| WHAT YOU NEED TO DO |
Repeat the lines from the one containing "Jimerito Honey Eye Cream, Jimerito" through the last line of the data, exactly, pictures omitted.

[Opening SUPPLIED DATA section]

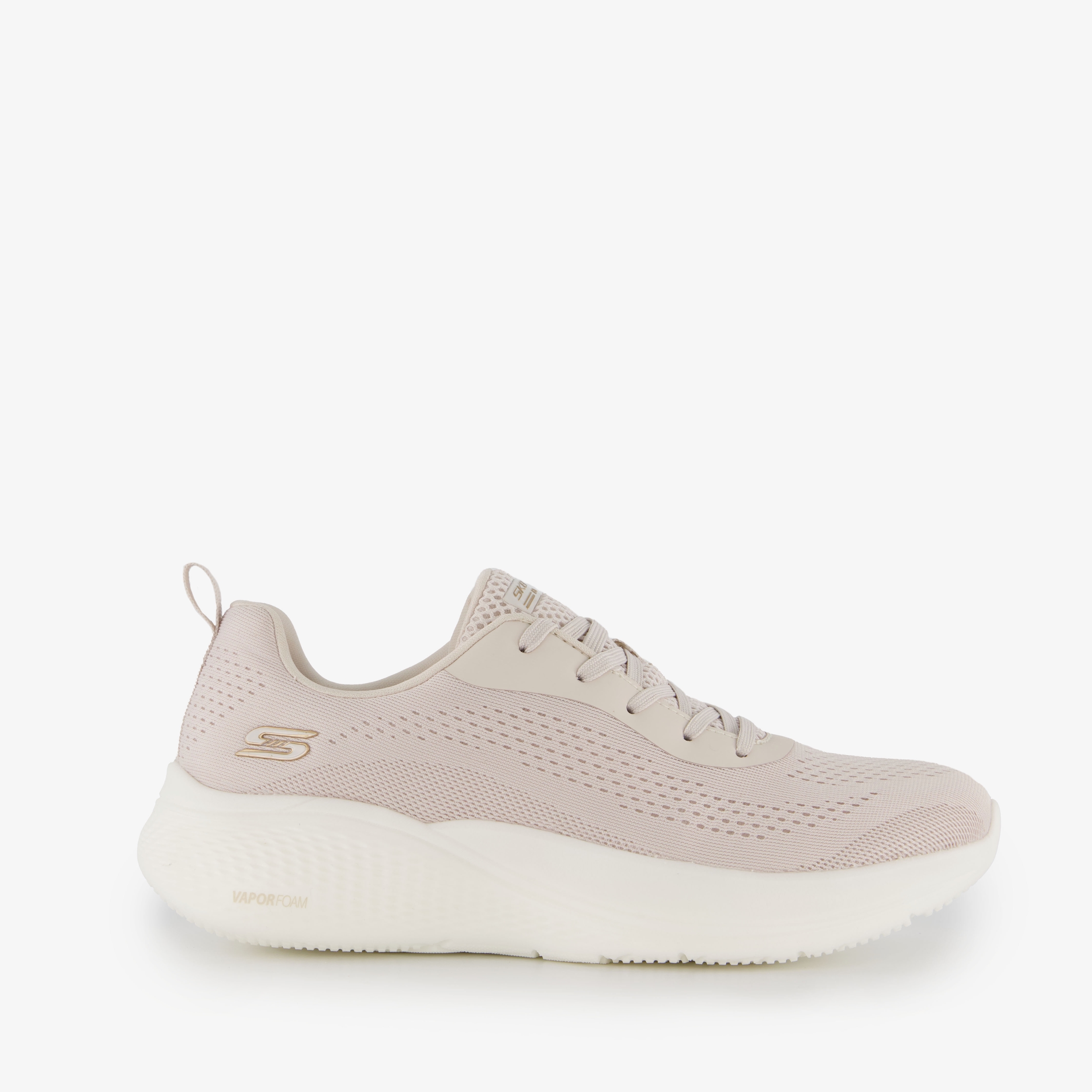 Skechers Bobs Infinity dames sneaker beige online bestellen | Scapino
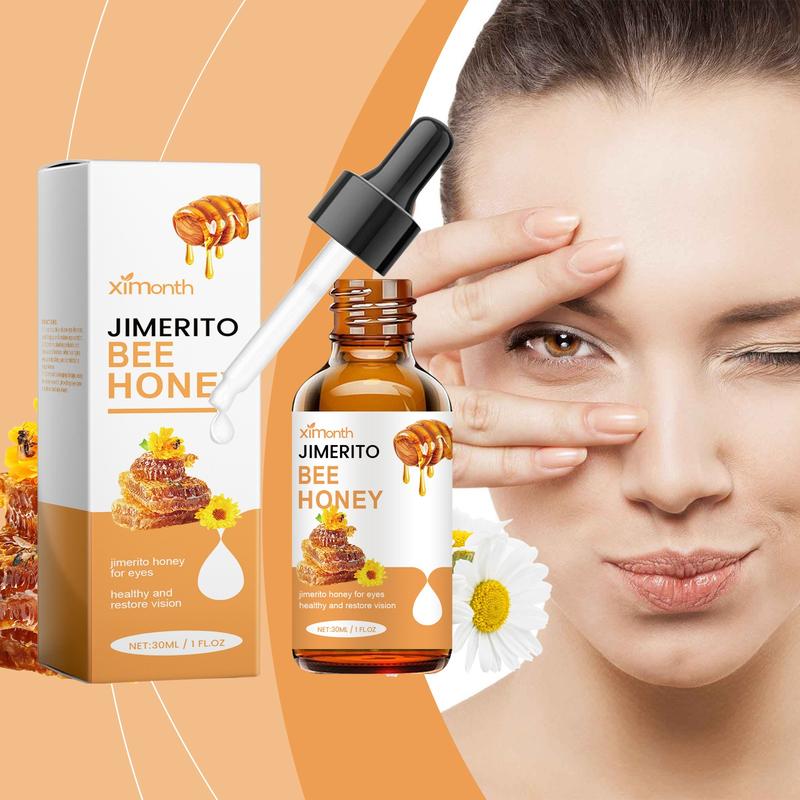 Jimerito Honey Eye Cream, Jimerito Honey Eye Care Jimerito Honey Purple Cleanser Skin Care Tool tula Skincare Products Comfortable and Beautiful North Korean sunscreen Protectors Sun Base Honey Lip Balm Keychain Lip Gloss Lip Gloss Set Sunscreen Love cobo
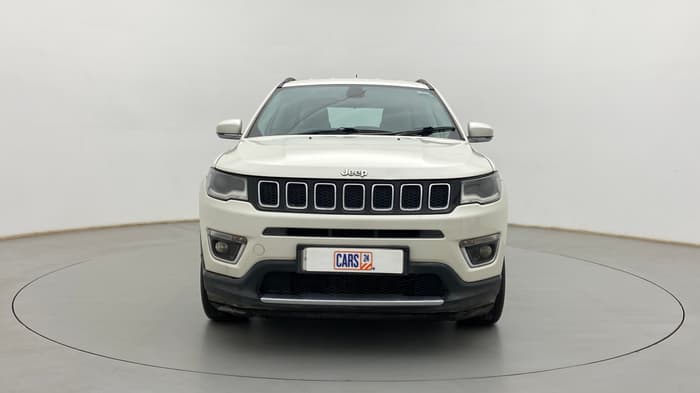 2017 Jeep Compass LIMITED 2.0 DIESEL 4X4, Diesel, Manual, 97,146 km, Front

[Closing SUPPLIED DATA section]

| OUTPUT FOR THIS EXERCISE |
 Jimerito Honey Eye Cream, Jimerito Honey Eye Care Jimerito Honey Purple Cleanser Skin Care Tool tula Skincare Products Comfortable and Beautiful North Korean sunscreen Protectors Sun Base Honey Lip Balm Keychain Lip Gloss Lip Gloss Set Sunscreen Love cobo
 2017 Jeep Compass LIMITED 2.0 DIESEL 4X4, Diesel, Manual, 97,146 km, Front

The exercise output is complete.